TUM: Could you share any details about Nothing's goings-on around these times? You said there were other bands signed that didn't get anything released. Any of those bands that you can remember? Any stories about John Malm, Interscope, Atlantic or other record people?
R.U.: Well, the first thing that hit us in dealing with Nothing was the recording contract. By a coincidence, we had a contact named Cara Burns at a very high-powered entertainment law firm, Manatt, Phelps and Phillips. I don’t remember who exactly they represented, but it was people at the level of Barbara Streisand or George Lucas, and only the most major rock stars. And Cara basically agreed to rep us legally. If I remember correctly, she did it for free or on spec because, based on what Trent had told us, she assumed we would get a nice, friendly, uncomplicated contract to record a single album or maybe two, and it would be this easy thing that she could do in her sleep. And then we received this contract to record six albums for Nothing. I think it came on an Interscope Records letterhead. And we send it to Cara and she freaked. She said it was a typically terrible record industry contract of the sort the big record companies usually gave to new artists, maybe it was even a little worse than average. And you can imagine Malm and all those people getting a response from Mondo Vanilli’s representation: Manatt, Phelps and Phillips.

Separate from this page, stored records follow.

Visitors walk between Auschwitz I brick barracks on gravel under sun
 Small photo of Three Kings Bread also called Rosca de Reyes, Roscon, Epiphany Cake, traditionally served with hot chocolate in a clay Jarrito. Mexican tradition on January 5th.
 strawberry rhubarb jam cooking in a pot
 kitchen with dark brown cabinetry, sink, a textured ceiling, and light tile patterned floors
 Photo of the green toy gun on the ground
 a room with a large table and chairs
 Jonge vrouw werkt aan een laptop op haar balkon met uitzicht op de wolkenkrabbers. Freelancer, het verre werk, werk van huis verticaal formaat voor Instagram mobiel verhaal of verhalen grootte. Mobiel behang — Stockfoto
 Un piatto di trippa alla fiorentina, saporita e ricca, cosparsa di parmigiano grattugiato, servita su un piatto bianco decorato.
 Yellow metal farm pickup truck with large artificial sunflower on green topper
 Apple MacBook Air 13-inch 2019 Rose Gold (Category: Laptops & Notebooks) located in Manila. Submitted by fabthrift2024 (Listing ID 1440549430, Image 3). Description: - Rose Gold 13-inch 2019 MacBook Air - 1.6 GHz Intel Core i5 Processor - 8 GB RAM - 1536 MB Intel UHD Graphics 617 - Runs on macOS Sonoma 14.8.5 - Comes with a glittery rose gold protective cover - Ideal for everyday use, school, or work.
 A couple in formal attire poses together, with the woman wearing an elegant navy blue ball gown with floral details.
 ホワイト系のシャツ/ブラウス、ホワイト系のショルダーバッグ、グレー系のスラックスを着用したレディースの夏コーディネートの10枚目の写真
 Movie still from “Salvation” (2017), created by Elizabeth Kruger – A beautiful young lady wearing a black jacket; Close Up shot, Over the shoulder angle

Anyway, somehow we got word that Trent wanted us to find a producer and a studio and get ready to start recording and we’d all deal with the contract later. We would have 90k to record it. So we scheduled recording time with Jonathan Burnside at Razor’s Edge studio. And then Malm got in touch and he didn’t want to commit to the full album. He wanted us to go into the studio with 10k instead and record two songs and “see how it goes”. So there was clearly this attitude with Reznor’s management that we were sort of “Trent’s folly” or maybe all of the Nothing artists were viewed that way, except probably Marilyn Manson, since he already had a pretty big following in Florida. So we recorded Gimme Helter and Thanx!, not the same version of Thanx! that’s on the final album, which is a whole other story I won’t go into right now. This was a very fast and hard-edged version. Anyway, the two songs knocked everybody’s socks off. So we were given the go ahead to record the whole album.
As to your question, I understood that Trent had “signed” five other recording artists for Nothing Records, but I don’t remember who they were besides Marilyn Manson and Trust/Obey. I remember having the perception that the rest of them were pretty straightforward industrial bands... errr, I think Peter Christopherson was probably under contract, since he was hanging with Trent at that house a lot. Coil was probably one of the bands...
We never had any contact with the other bands so it’s hard for me to comment on what was going on with them. I think around this time Interscope was under attack in Congress for Death Row’s output and there were even some politicians complaining about NIN lyrics, so there may have been some political pressure on Interscope through their parent company, I think it was Warner, if I remember correctly. Nothing Records was really just a boutique label offered to get Trent to sign with Interscope. It was several steps down the corporate shit ladder. There was no way Trent was going to get to run a groovy, artist-friendly record company.
We finished the album right around the end of 1993. In fact, the timing was such that we went to a NIN show in Oakland and handed in the final product in person to his management. This time, we weren’t invited into the dressing room and Reznor never came out to speak to us. I think it was maybe a few weeks after that Tony Ciula from Nothing Records told us that Interscope was making Nothing drop all their artists except NIN and Marilyn Manson but that we could have the album gratis. But when our lawyer asked for a formal notification of this, the Interscope lawyer told us that they weren’t going to give us the rights to the music unless some other record company paid off their full bill... and I think they had some other demands as well. In our position, we would have had to have gone to small indie labels, so it was pretty much impossible.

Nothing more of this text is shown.